Microglia are thought to modulate Alzheimer’s disease by limiting the spread of amyloid plaques that contribute to disease pathology. To determine the effect of APÖ To genotype microglia function, the authors isolated microglia from APÖ ε3/ε3 or APÖ ε3/ε4 patients with AD and age-matched healthy controls and performed single nucleus RNA sequencing. It was observed that microglia from women who had APÖ ε4 allele was highly enriched for genes associated with degranulation signaling in neutrophils, an important peripheral immune cell type. Neutrophil degranulation signaling was also associated with the severity of tauopathy in women who APÖ ε4 allele, suggesting that neutrophils may contribute to AD risk in these patients.
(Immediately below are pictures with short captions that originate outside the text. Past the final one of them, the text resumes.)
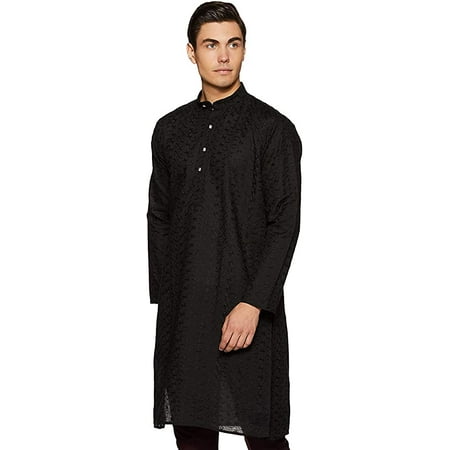 

Royal Kurta Men s Cotton A-Line Kurta (CHIKAN-KURTA_Black_44)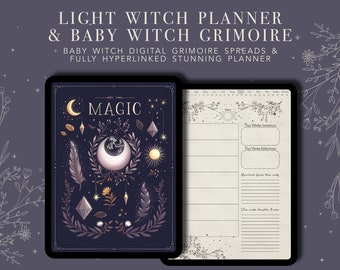 Heksenplanner | 2024 Digitale Planner en Grimoire | notabiliteitsplanner | digitale levensplanner | ongedateerde digitale planner, Book of Shadows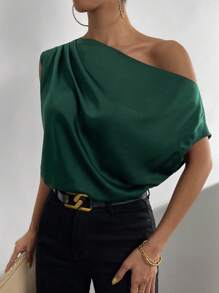 Chiquease Solid Asymmetrical Neck Satin Blouse One Shoulder Top
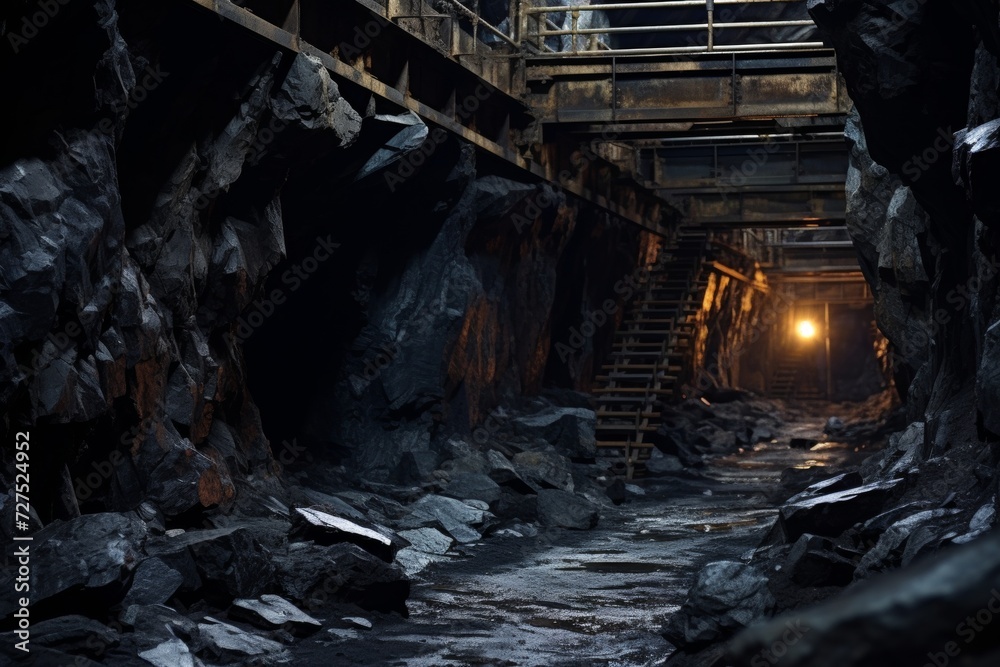 A Detailed View of the Robust Roof Support Structures in Underground Mines, Illuminated by Artificial Light Against a Dark Background A Detailed View of the Robust Roof Support Structures in Underground Mines, Illuminated by Artificial Light Against a Dark Background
Next, the authors performed RNA sequencing on neutrophils from men and women with mild cognitive impairment or AD, using samples from cognitively unimpaired individuals as a comparison. Neutrophils from healthy women who had the APÖ The ε4 allele showed signs of accelerated immune aging compared to neutrophils from APÖ ε3/ε3 individuals. In addition, neutrophils from cognitively impaired women who APÖ The ε4 allele showed higher expression of genes associated with signaling of the cytokine interleukin (IL)-17 or immunosuppressive pathways involving IL-10, IL-18 and TGFβ. IL-17⁺ Neutrophils were also better able to enter the brains of APÖ An interaction with microglia was observed in ε3/ε4 women with AD.